ILARIA PROIETTI   6 GIUGNO 2023

“Invece di guardare avanti si fa retromarcia tornando ad arlecchinismi che non servono a nessuno. Se non alla politica e alle sue clientele”. Carlo Carboni, professore di Sociologia economica all’Università di Ancona e autore tra l’altro di Élite e classi dirigenti e Società cinica (Laterza) dice – sconsolato – che non ci siamo proprio: il progetto di riesumare le province che fa passi da gigante al Senato, non se lo spiega. “È al massimo un diversivo quando servirebbe ripensare lo state building, altro che province. Qui invece mi pare che si cerchi di incastonare tra comuni e regioni una vecchia istituzione che, a essere generosi, non è esattamente la priorità”.

Secondo la bozza che circola in queste ore a Palazzo Madama ci saranno un sacco di poltrone in più…

Guardi, non starò qui a ricordare per quale motivo si decise di dire basta alle province come le abbiamo conosciute a cui poi su pressione dell’opinione pubblica, la politica, obtorto collo certo, disse stop. Mi limito a dire che ai tempi d’oro, tra presidenti, assessori, consiglieri in comuni, regioni e province, si arrivava a 200mila posti a sedere.

Poi si è scelta un’altra strada.

Per risparmiare e razionalizzare. Ma soprattutto era necessario trovare un baricentro giusto.

Che però non è stato trovato. E adesso si torna all’antico.

Sempre perché la logica è autoreferenziale. Nel senso che le scelte che si fanno servono soprattutto a risolvere i problemi della politica non quelli del Paese. E da quelle parti si tende a ragionare sul piccolo cabotaggio. Succede così che ritornino le solite vecchie ricette anziché guardare a una prospettiva diversa nell’ottica del necessario rafforzamento dello Stato.
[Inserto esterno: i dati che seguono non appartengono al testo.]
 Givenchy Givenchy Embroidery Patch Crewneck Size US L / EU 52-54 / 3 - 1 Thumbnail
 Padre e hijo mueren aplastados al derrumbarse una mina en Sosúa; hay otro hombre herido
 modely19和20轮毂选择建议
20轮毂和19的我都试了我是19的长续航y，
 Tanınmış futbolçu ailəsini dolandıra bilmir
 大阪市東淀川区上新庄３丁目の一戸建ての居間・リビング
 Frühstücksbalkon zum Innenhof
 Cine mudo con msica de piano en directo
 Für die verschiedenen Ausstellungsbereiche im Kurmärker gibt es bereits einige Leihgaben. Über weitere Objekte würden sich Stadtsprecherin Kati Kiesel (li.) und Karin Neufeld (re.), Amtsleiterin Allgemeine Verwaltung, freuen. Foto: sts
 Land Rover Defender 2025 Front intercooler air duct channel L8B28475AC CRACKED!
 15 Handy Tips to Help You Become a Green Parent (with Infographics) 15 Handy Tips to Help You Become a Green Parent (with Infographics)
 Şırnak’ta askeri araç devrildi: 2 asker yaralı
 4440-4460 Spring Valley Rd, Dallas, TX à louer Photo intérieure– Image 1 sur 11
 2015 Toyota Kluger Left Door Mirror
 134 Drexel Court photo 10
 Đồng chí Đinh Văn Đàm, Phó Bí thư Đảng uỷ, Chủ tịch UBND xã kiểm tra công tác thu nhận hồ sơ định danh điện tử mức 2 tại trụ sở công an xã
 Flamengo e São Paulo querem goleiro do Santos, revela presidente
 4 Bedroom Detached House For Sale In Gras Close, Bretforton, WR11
Intanto l’esigenza è quella di moltiplicare le poltrone. Si dice in nome della democrazia…

Da noi prevale il molto piccolo in tutti i sensi…

Poi però si paga pegno…

Guardiamo cosa sta accadendo sul Pnrr per via dei tanti piccoli comuni che non hanno le capacità progettuali, i tecnici. E guardiamo al tipo di progetti che si intenderebbe finanziare con quei soldi, progetti micro, non esattamente strategici. Anche qui prevale il piccolo cabotaggio locale, il policentrismo alla Arlecchino. Ma dove pensiamo di andare? Altrove, con territori molto più ampi del nostro, l’assetto è diverso. In Germania i Länder sono 16 in tutto, più o meno la scala dimensionale che c’è anche in Francia e in Spagna. Qui da noi e – ripeto – con un territorio molto più contenuto, ci sono 20 regioni, oltre 8mila comuni e ora rieccoci alle province, che nel 2012 erano arrivate fino a quota 110.

Si dice che questa moltiplicazione serva a tutelare la diversità…

Che è un valore e una ricchezza, ma solo se non è schiacciata sulla logica del campanile. Ci sono regioni in Italia del tutto affini dove si parla persino lo stesso dialetto. Perché non pensare a unirle?

Per questioni di orticello?

D’accordo. Ma se parliamo di ciò che andrebbe fatto, credo che il problema dei problemi sia proprio la questione del giusto baricentro, che serve anche a selezionare meglio la classe dirigente e una Pubblica amministrazione preparata, all’altezza, solida. E poi vogliamo parlare del Covid?

Cioè?

Mi riferisco a ciò che è accaduto durante la pandemia, ossia le contraddizioni tra regioni e governo centrale che dovrebbero indurci a riflettere. Proprio per questo mi permetto di dire che piuttosto che di autonomia, bisognerebbe parlare del riassetto che serve per mettere il Paese a sistema. Anziché di province bisogna avere il coraggio di dire che bastano massimo 10 regioni. Ma chi glielo dice alla politica?